Please take the records that follow and repeat exactly the lines starting with the line with "Germany Stamps 1924" and going on through the line with "AYHa vélo AYHa".

▶ _Data in this exercise_
········

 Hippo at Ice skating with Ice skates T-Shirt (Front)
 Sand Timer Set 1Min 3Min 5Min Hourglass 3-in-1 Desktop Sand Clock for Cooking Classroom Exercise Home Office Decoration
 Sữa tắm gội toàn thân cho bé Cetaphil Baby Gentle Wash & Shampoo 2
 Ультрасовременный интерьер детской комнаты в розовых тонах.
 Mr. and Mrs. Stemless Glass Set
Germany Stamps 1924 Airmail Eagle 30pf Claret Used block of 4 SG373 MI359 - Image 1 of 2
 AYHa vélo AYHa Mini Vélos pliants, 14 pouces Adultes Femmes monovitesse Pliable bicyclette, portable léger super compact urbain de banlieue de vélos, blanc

········

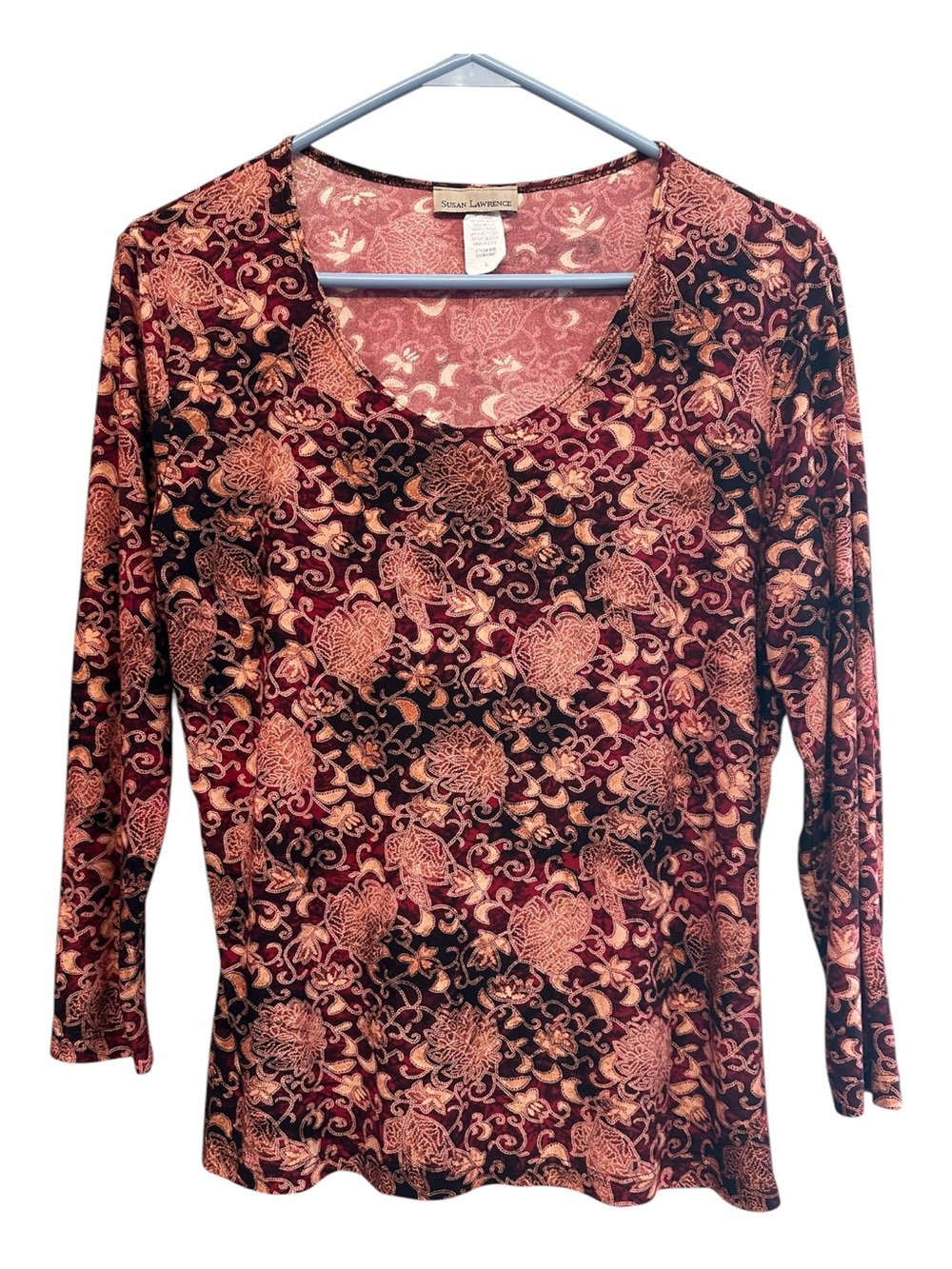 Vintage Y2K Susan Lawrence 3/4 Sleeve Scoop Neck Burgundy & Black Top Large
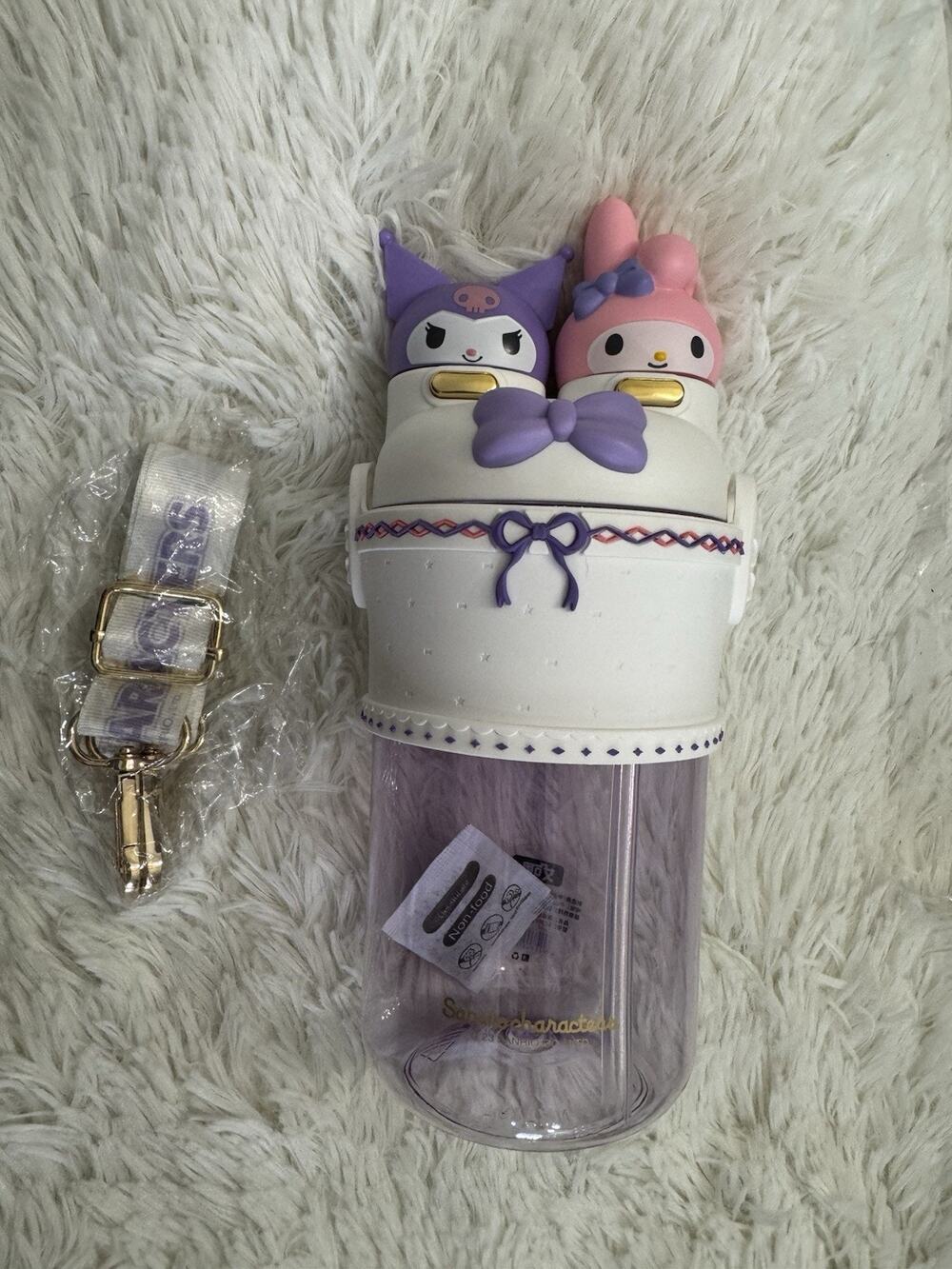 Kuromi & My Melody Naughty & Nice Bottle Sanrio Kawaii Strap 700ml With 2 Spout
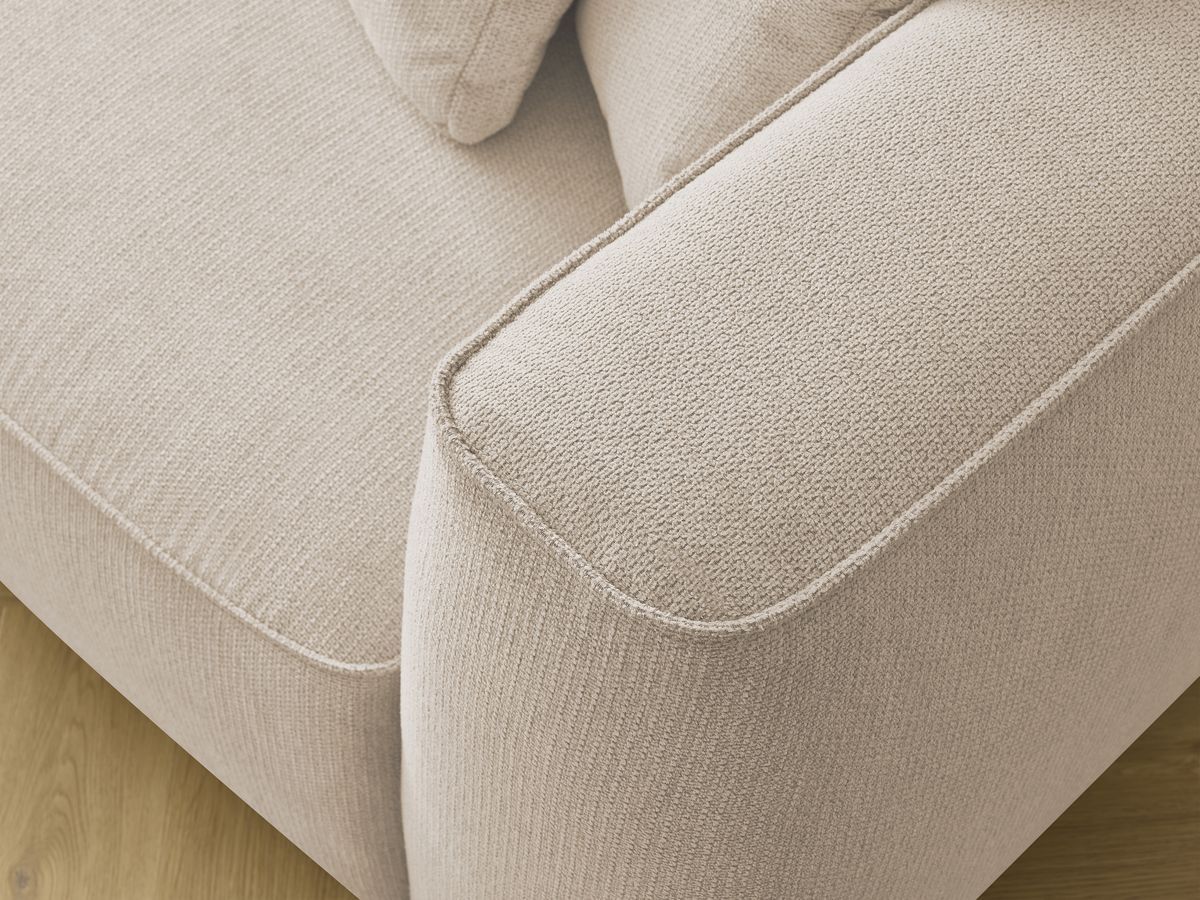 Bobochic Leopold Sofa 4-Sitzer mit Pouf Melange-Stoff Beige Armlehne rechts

········

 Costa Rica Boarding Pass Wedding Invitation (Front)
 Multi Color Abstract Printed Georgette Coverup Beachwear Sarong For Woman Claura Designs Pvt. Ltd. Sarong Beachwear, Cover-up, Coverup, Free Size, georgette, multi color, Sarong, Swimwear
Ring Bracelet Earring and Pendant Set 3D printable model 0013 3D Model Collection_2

········

▶ _Response_
Germany Stamps 1924 Airmail Eagle 30pf Claret Used block of 4 SG373 MI359 - Image 1 of 2
 AYHa vélo AYHa Mini Vélos pliants, 14 pouces Adultes Femmes monovitesse Pliable bicyclette, portable léger super compact urbain de banlieue de vélos, blanc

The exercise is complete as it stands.